*Task*
In this exercise, the entries below are to be transcribed exactly, line by line.
[Record set — start]
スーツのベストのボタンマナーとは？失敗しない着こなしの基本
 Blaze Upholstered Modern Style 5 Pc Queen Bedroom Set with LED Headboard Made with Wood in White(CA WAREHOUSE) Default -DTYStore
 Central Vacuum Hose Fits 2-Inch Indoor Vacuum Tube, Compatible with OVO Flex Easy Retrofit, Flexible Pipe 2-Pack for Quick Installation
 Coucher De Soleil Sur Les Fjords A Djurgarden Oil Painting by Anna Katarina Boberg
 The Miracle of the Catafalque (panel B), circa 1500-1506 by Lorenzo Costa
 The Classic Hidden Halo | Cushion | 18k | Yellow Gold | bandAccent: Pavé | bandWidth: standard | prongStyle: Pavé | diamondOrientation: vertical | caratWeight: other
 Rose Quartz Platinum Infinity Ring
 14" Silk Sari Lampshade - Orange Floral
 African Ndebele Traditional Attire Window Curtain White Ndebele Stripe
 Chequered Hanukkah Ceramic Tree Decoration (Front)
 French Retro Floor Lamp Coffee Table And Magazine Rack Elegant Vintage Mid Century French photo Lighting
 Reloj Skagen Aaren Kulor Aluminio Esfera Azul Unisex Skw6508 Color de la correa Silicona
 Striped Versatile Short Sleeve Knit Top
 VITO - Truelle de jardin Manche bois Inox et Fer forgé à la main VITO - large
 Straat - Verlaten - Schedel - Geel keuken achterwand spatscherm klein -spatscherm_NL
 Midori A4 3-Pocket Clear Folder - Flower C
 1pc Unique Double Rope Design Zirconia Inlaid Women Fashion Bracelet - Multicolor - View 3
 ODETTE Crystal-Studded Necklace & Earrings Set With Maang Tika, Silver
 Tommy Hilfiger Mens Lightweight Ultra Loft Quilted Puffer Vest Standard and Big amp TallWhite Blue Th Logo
[Record set — finish]
*Completed task*
スーツのベストのボタンマナーとは？失敗しない着こなしの基本
 Blaze Upholstered Modern Style 5 Pc Queen Bedroom Set with LED Headboard Made with Wood in White(CA WAREHOUSE) Default -DTYStore
 Central Vacuum Hose Fits 2-Inch Indoor Vacuum Tube, Compatible with OVO Flex Easy Retrofit, Flexible Pipe 2-Pack for Quick Installation
 Coucher De Soleil Sur Les Fjords A Djurgarden Oil Painting by Anna Katarina Boberg
 The Miracle of the Catafalque (panel B), circa 1500-1506 by Lorenzo Costa
 The Classic Hidden Halo | Cushion | 18k | Yellow Gold | bandAccent: Pavé | bandWidth: standard | prongStyle: Pavé | diamondOrientation: vertical | caratWeight: other
 Rose Quartz Platinum Infinity Ring
 14" Silk Sari Lampshade - Orange Floral
 African Ndebele Traditional Attire Window Curtain White Ndebele Stripe
 Chequered Hanukkah Ceramic Tree Decoration (Front)
 French Retro Floor Lamp Coffee Table And Magazine Rack Elegant Vintage Mid Century French photo Lighting
 Reloj Skagen Aaren Kulor Aluminio Esfera Azul Unisex Skw6508 Color de la correa Silicona
 Striped Versatile Short Sleeve Knit Top
 VITO - Truelle de jardin Manche bois Inox et Fer forgé à la main VITO - large
 Straat - Verlaten - Schedel - Geel keuken achterwand spatscherm klein -spatscherm_NL
 Midori A4 3-Pocket Clear Folder - Flower C
 1pc Unique Double Rope Design Zirconia Inlaid Women Fashion Bracelet - Multicolor - View 3
 ODETTE Crystal-Studded Necklace & Earrings Set With Maang Tika, Silver
 Tommy Hilfiger Mens Lightweight Ultra Loft Quilted Puffer Vest Standard and Big amp TallWhite Blue Th Logo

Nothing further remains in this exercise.